◆ **To do**
Exactly the lines below from the line with "But if you have" through the line with "If we are referring" must make up the answer, both ends included and pictures left out.

◆ **Dataset content**
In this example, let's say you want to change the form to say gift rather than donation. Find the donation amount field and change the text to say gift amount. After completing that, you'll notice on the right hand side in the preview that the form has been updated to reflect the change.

==

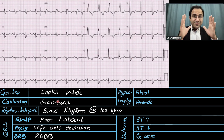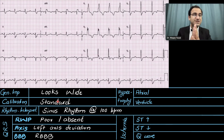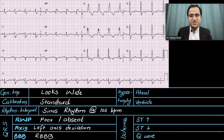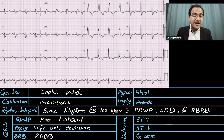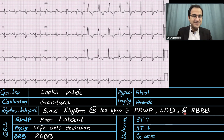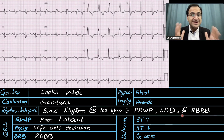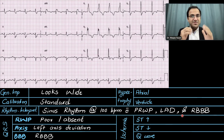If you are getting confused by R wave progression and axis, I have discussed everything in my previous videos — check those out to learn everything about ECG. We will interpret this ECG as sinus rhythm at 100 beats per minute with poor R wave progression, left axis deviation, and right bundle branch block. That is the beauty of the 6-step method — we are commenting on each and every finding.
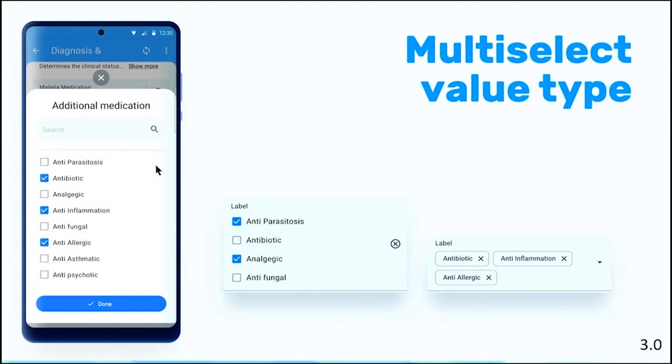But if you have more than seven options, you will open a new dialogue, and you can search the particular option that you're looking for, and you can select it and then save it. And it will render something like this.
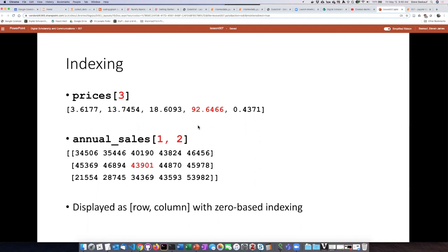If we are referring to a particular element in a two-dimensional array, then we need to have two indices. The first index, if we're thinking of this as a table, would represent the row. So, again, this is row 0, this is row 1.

◆ **Written answer**
But if you have more than seven options, you will open a new dialogue, and you can search the particular option that you're looking for, and you can select it and then save it. And it will render something like this.
If we are referring to a particular element in a two-dimensional array, then we need to have two indices. The first index, if we're thinking of this as a table, would represent the row. So, again, this is row 0, this is row 1.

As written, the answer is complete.